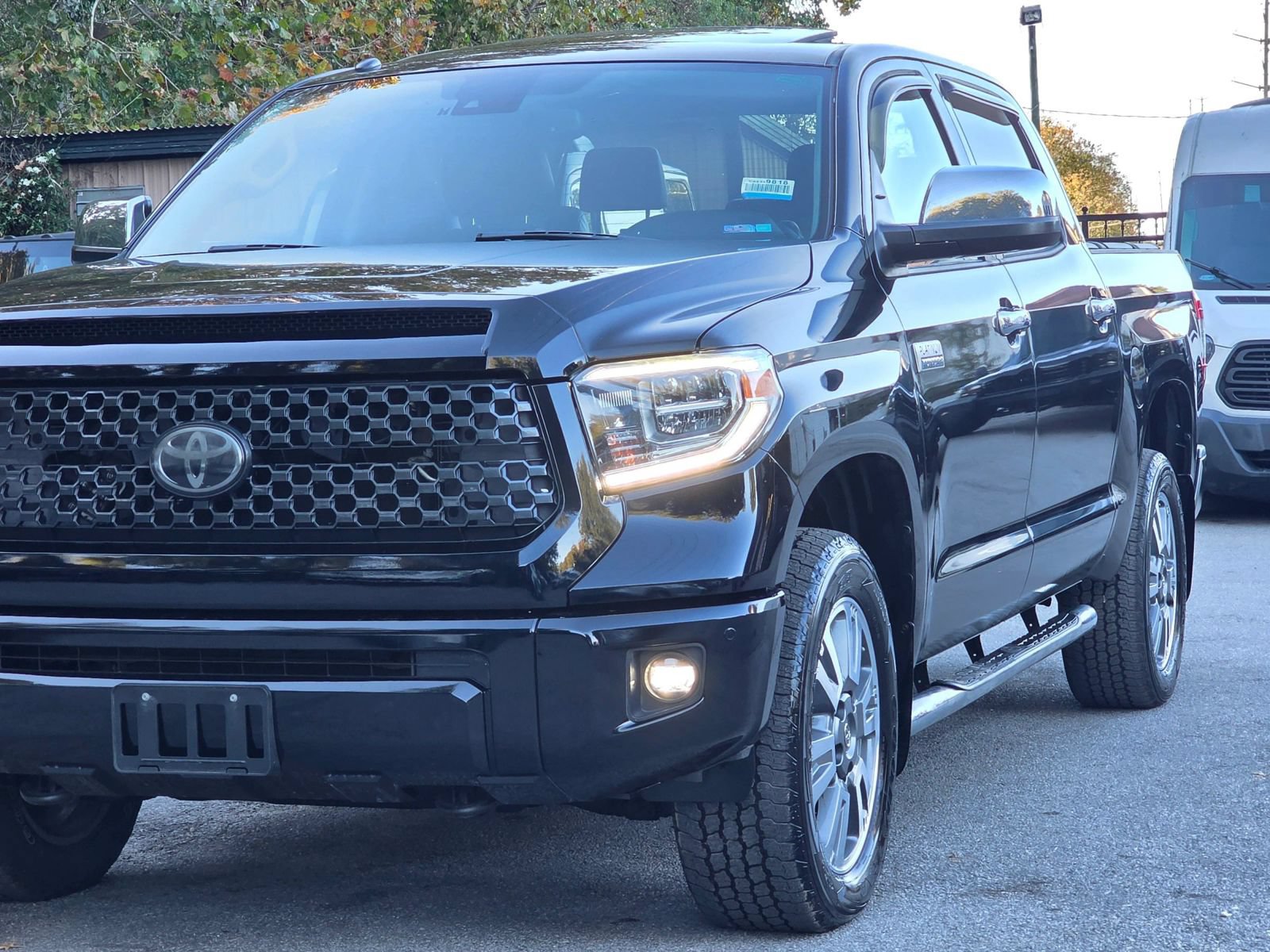 Used 2018 Toyota Tundra Platinum AWD/4WD image 3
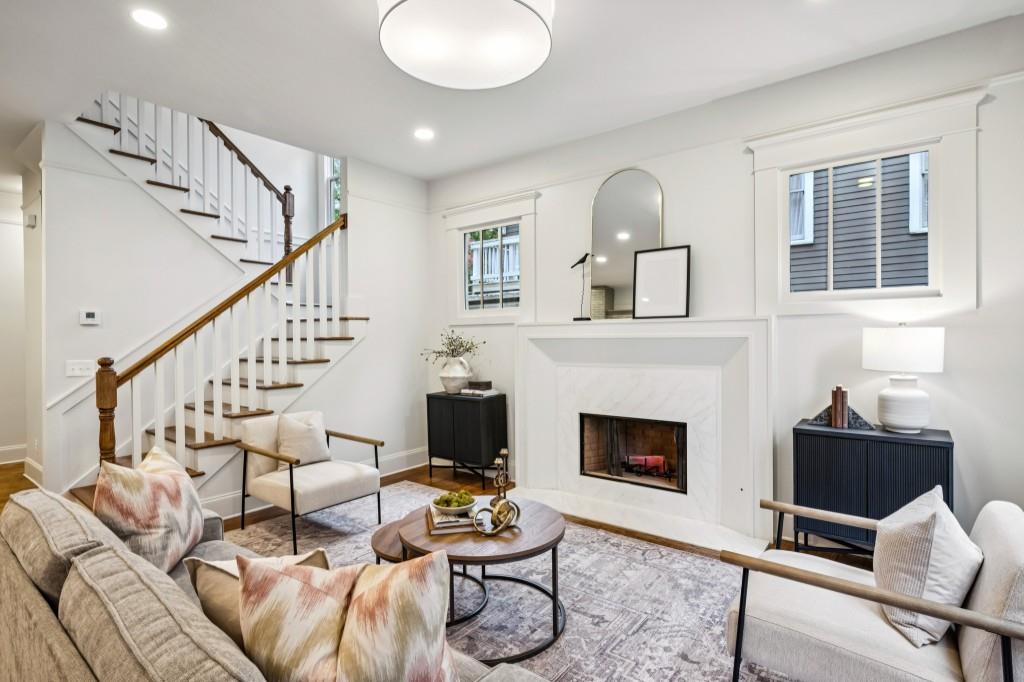 541 Oakland Avenue SE Unit A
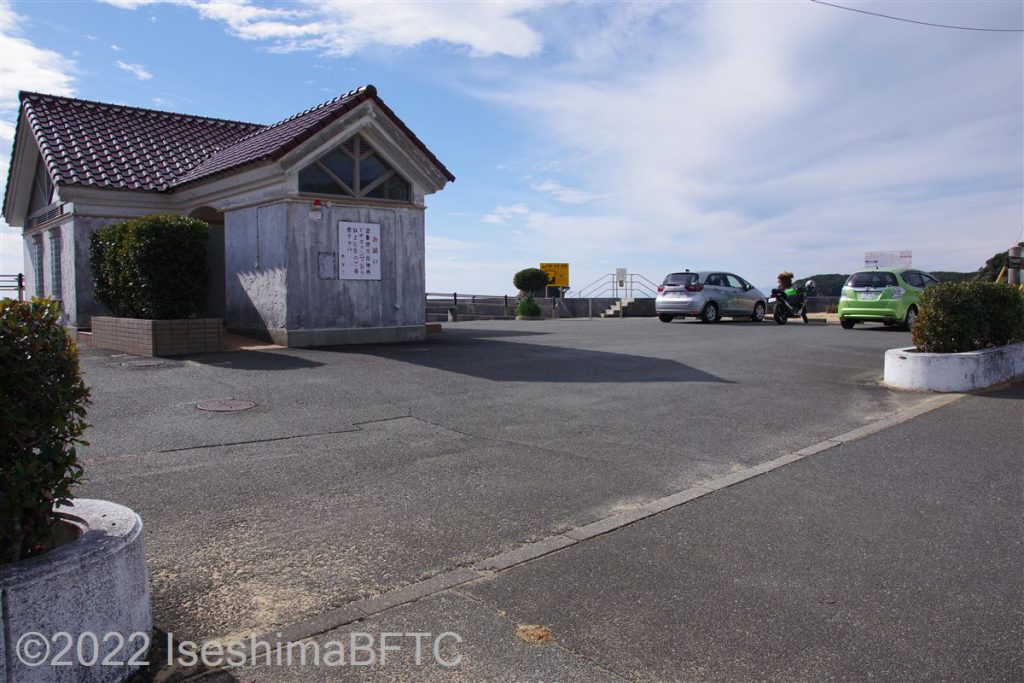 駐車場と公衆トイレ棟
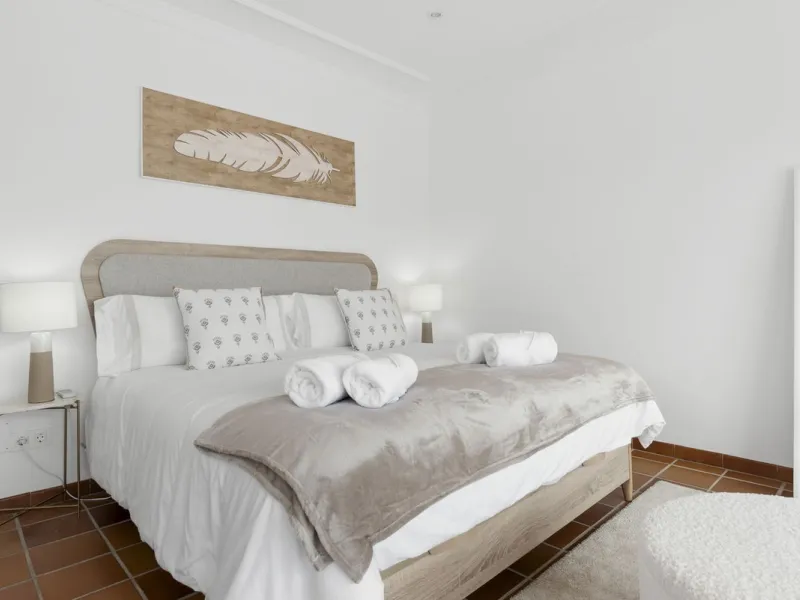 Nestled in the serene Las Chapas Playa,  300 meters from the sandy shores, awaits a stunning 5-bedroom, 6 bathroom villa. This idyllic property is conveniently situated just a 5-minute drive from Marbella Centre and a 40-minute journey from Malaga Airport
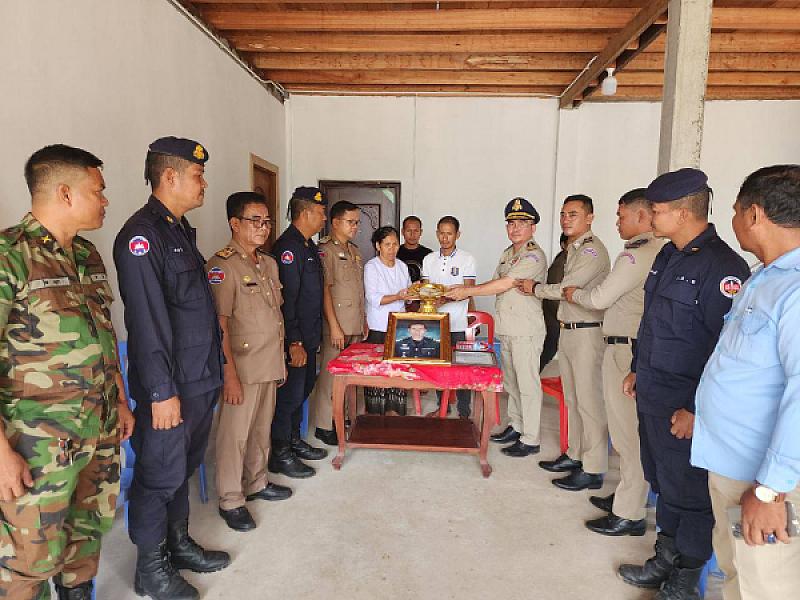 Mr. Eng Samon brought a funeral fund of 4 million riel to be given to the family of the deceased member named Phla Ray.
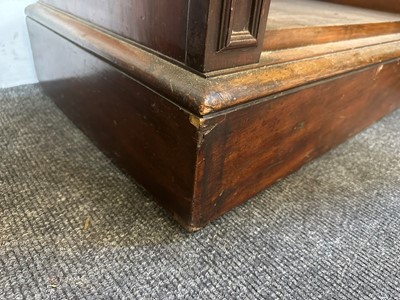 Lot 8 - A Regency-style mahogany open bookcase
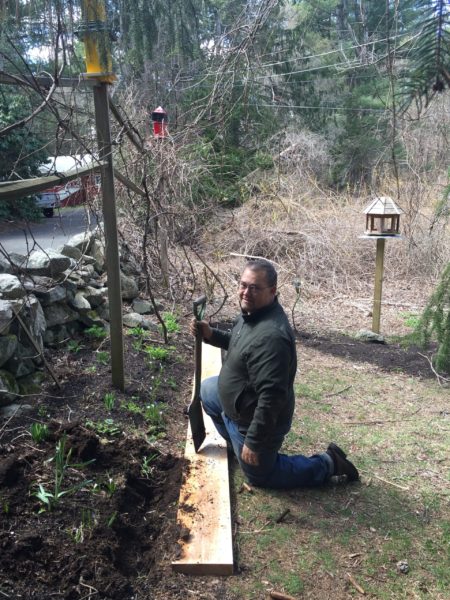 Karl Installs Wooden Edges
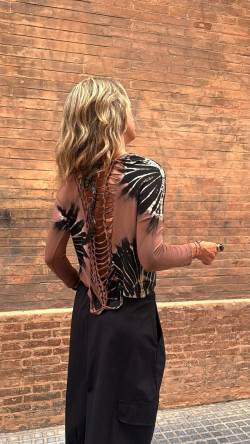 JARA, Camel Camiseta cuerdas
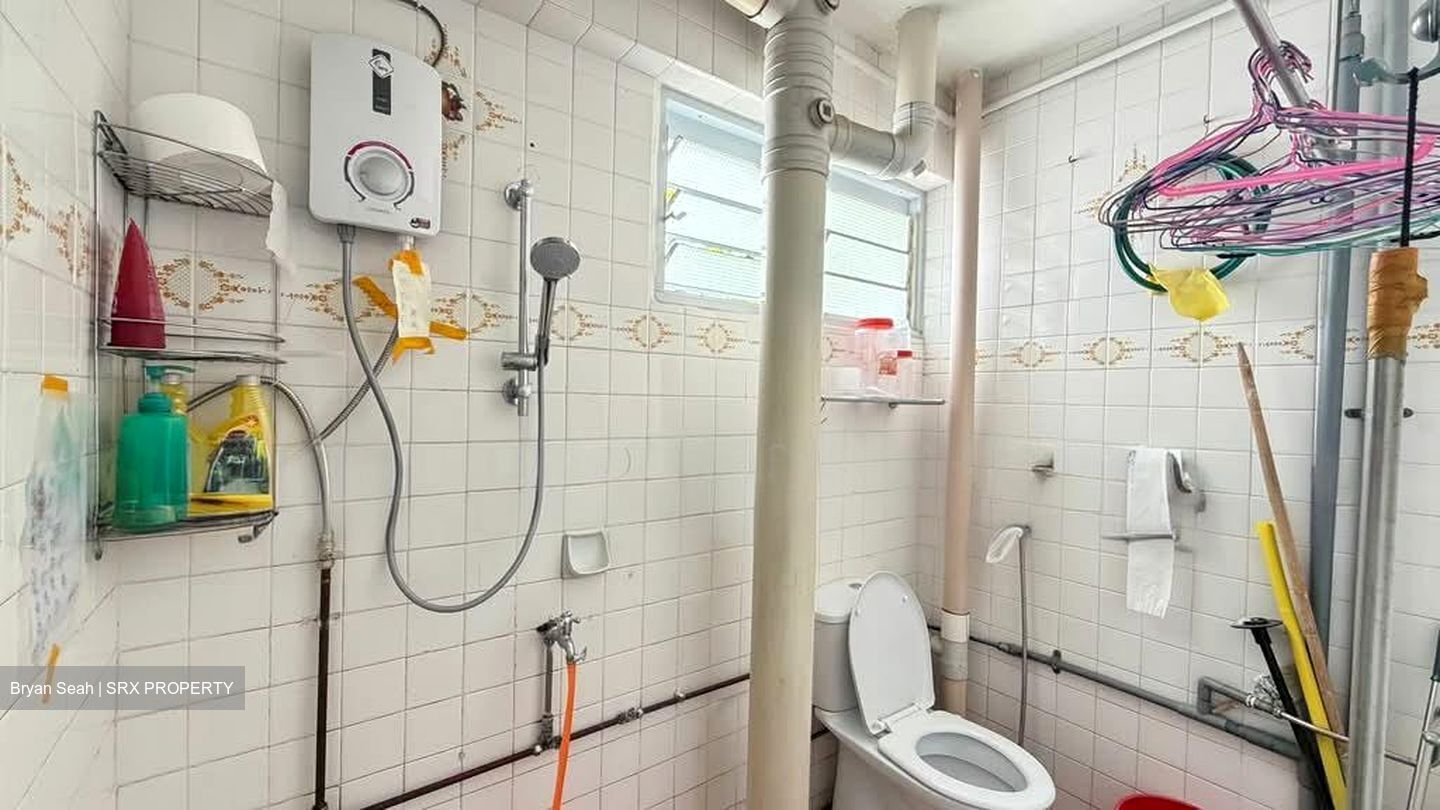 Blk 204 Jurong East Street 21 (Jurong East), HDB 4 Rooms #573189881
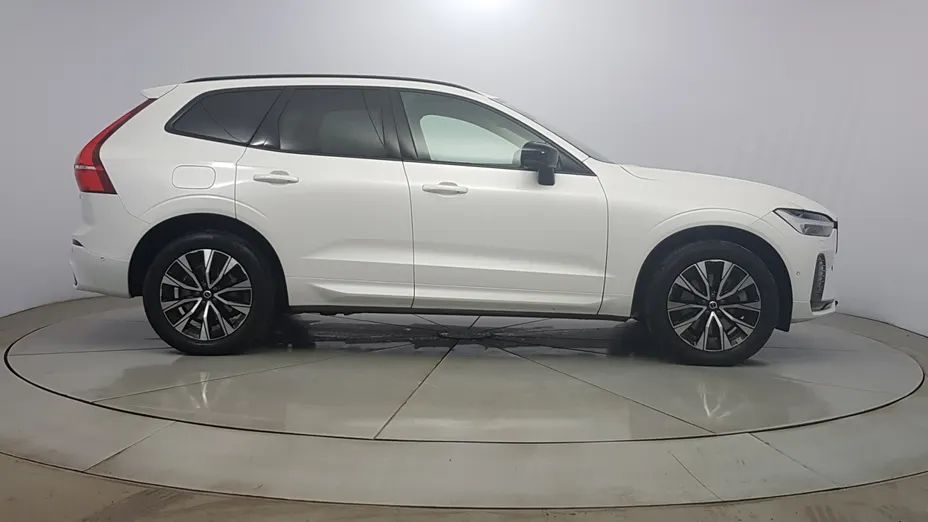 VOLVO XC60 XC60 B5 D AWD Plus Dark aut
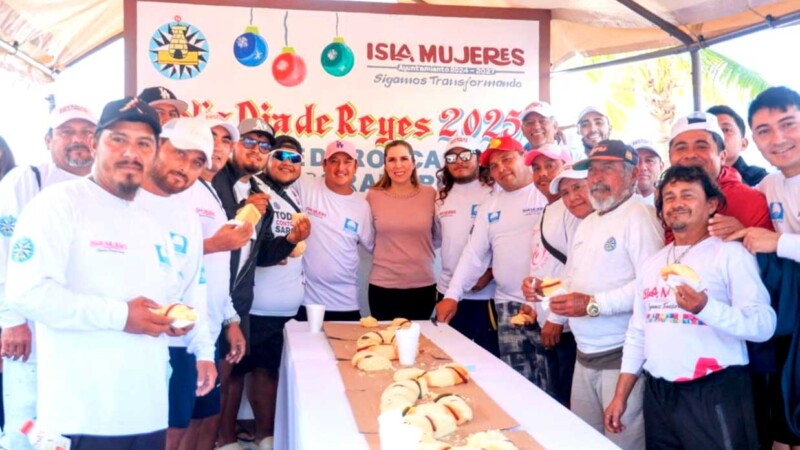 Atenea Gómez Ricalde celebra tradicional corte de la rosca de Reyes con personal operativo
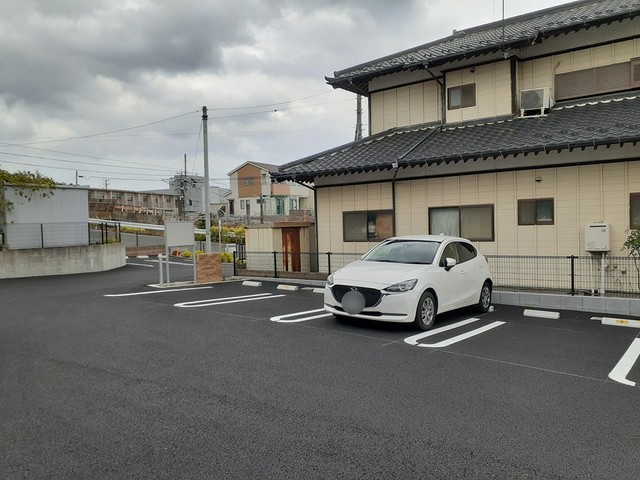 駐車場　舗装駐車場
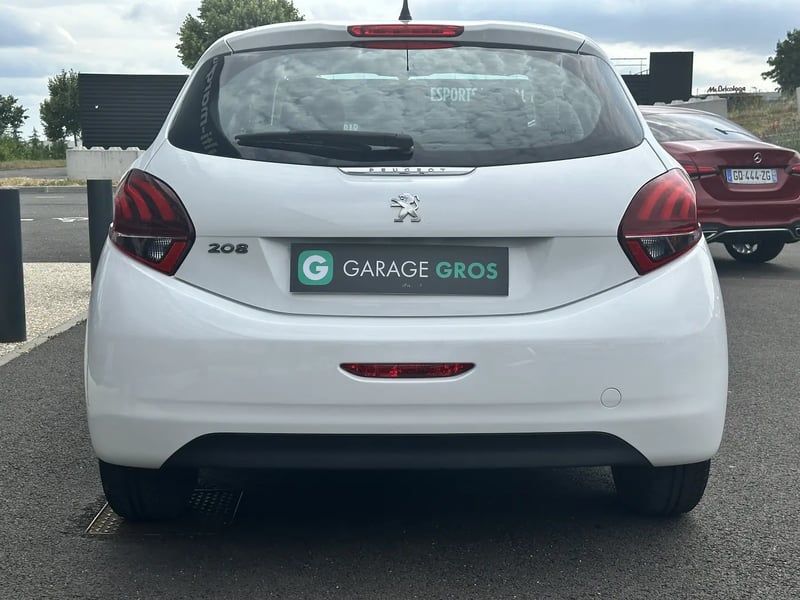 Photo de la voiture PEUGEOT 208 1.6 BlueHDi 75ch BVM5 Active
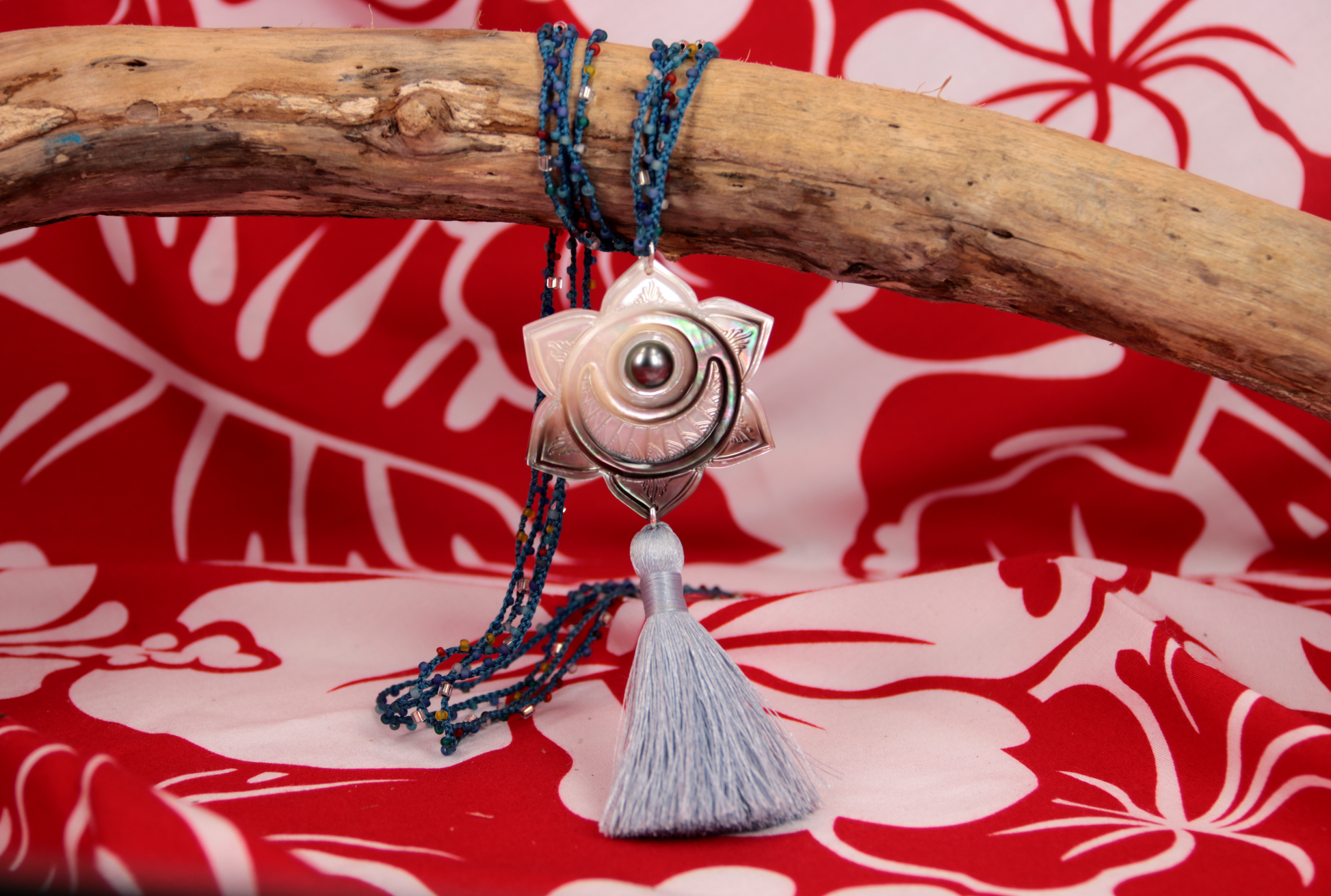 Sautoir perle de Tahiti avec nacre sculptée motifs polynésiens par Prokop Tahiti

Task item
Starting at the line that contains "Atenea Gómez Ricalde", transcribe each line through the last one of the entries above, exactly and without pictures.

Exercise answer
 Atenea Gómez Ricalde celebra tradicional corte de la rosca de Reyes con personal operativo
 駐車場　舗装駐車場
 Photo de la voiture PEUGEOT 208 1.6 BlueHDi 75ch BVM5 Active
 Sautoir perle de Tahiti avec nacre sculptée motifs polynésiens par Prokop Tahiti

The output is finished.